Ce vote est parfois difficile à comprendre pour qui n'habite pas l'Italie. Marc Lazar répond à cette question en indiquant : "Si il a gagné, c'est parce qu'il a constitué une coalition. Donc toute l'Italie n'a pas été séduite par Berlusconi". Cependant, le faible pourcentage d'italiens séduits par Il Cavaliere s'explique "par sa personnalité et la recherches pour une grande partie des italiens d'une nouveauté en politique. Il a cristallisé un vote de droite avec ses alliances avec la ligue du Nord et un parti néofasciste qui s'est transformé en parti postfasciste. Il a séduit une série d'électeurs différents, les chefs d'entreprise du Nord ainsi qu'une partie de l'électorat populaire du sud. Il a mêlé des propositions libérales sur le plan économique qu'il n'a pas du tout faite lorsqu'il était au pouvoir. En même temps il s'est présenté comme le parangon de la modernité tout en faisant référence à la tradition, la famille et la religion".

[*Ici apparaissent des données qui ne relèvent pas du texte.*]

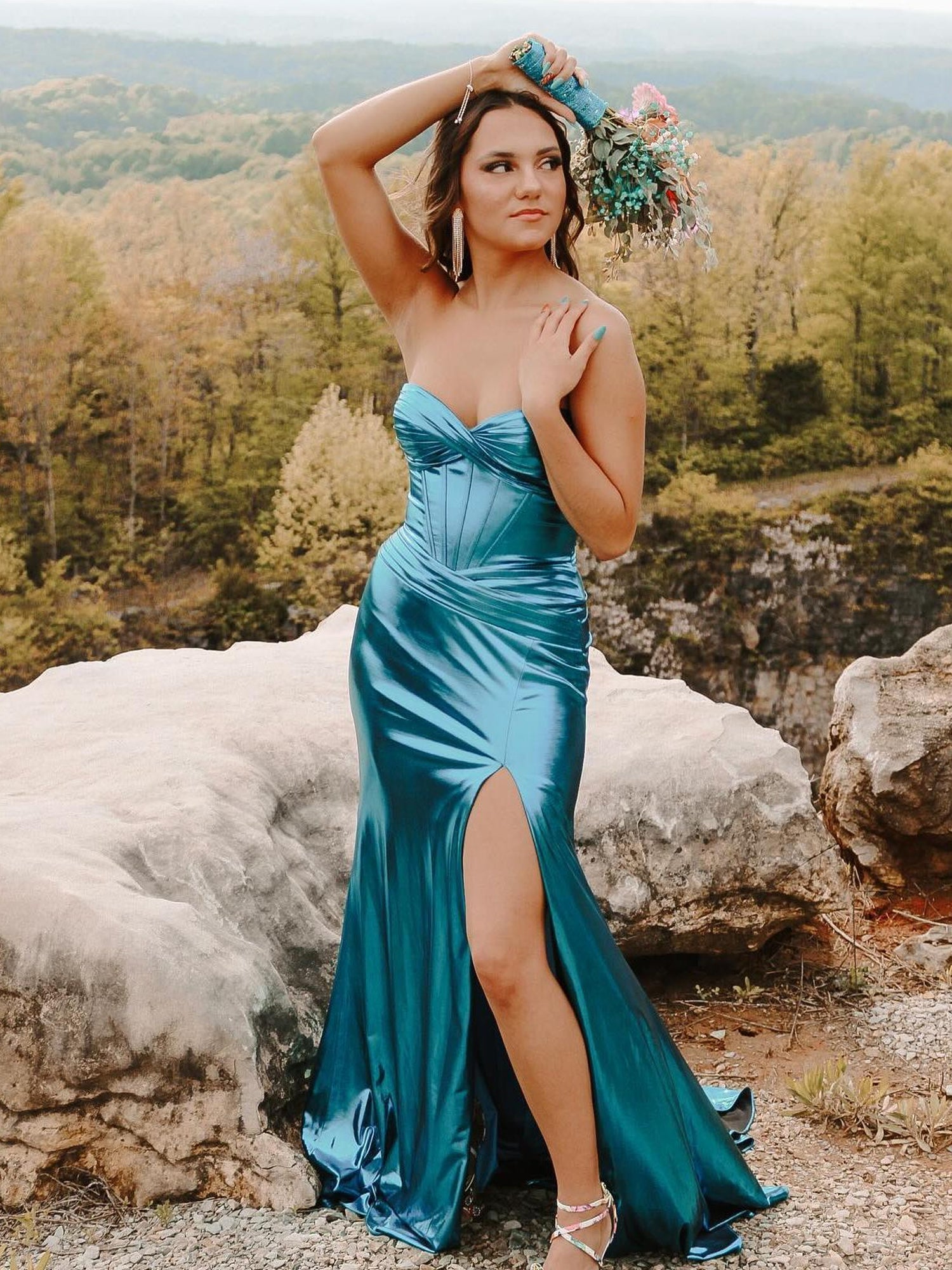 Cute Mermaid Sweetheart Metallic Satin Prom Dress With Side Slit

Le berlusconisme, le premier populisme ?

Pour Enrico Letta, “l’épopée de succès que Berlusconi a employé comme narratif, à travers le sport, les affaires, le distingue de tous les autres dirigeants classiques. Berlusconi a été le premier, avec son langage, complètement déplacé par rapport au langage typique, peut-être un peu ennuyant qu’avait la politique italienne, à changer les choses. Il a appliqué la mentalité du manager à la politique. Il a regardé quelles étaient les règles du jeu, c'est-à-dire la loi électorale, et a appliqué ces règles comme s’il s’agissait de réaliser une opération boursière. Lorsqu’il s’est présenté on venait de passer d’un proportionnel pur à un système majoritaire à l’anglaise. Il a été le premier à comprendre que le système majoritaire avait besoin d’un clivage. Il a emmené, entraîné, la politique italienne dans ce clivage communistes contre démocrates-chrétiens.”

Marc Lazar souligne “l'ambivalence du personnage, qui, d’un côté, se présentait comme un anti-politique, qui critiquait les politiques traditionnelles. Ce qui explique ses facéties, ses plaisanteries graveleuses, sa façon de se comporter pendant les sommets, tout cela pour montrer qu’il n'était pas comme les autres. Et de l'autre côté il se présentait comme le plus grand politique de toute l'histoire de l’Italie, le plus grand homme d'Etat, disait-il, après Mussolini". Pour le professeur, “c’est cette ambivalence qui est à la fois un élément de son style populiste et ce qui confortait un électorat populiste.”

Que restera-t-il de Berlusconi ?

“Berlusconi est décédé mais le berlusconisme laissera des traces profondes en Italie”, estime Marc Lazar. “Reste à savoir ce qui prospérera. Il a laissé des traces culturelles au sens large du mot, une manière de penser et d’agir en politique qui demeure. Il a soulevé des questions sur l'avenir de la démocratie italienne, il l’a secouée, l'a transformée.”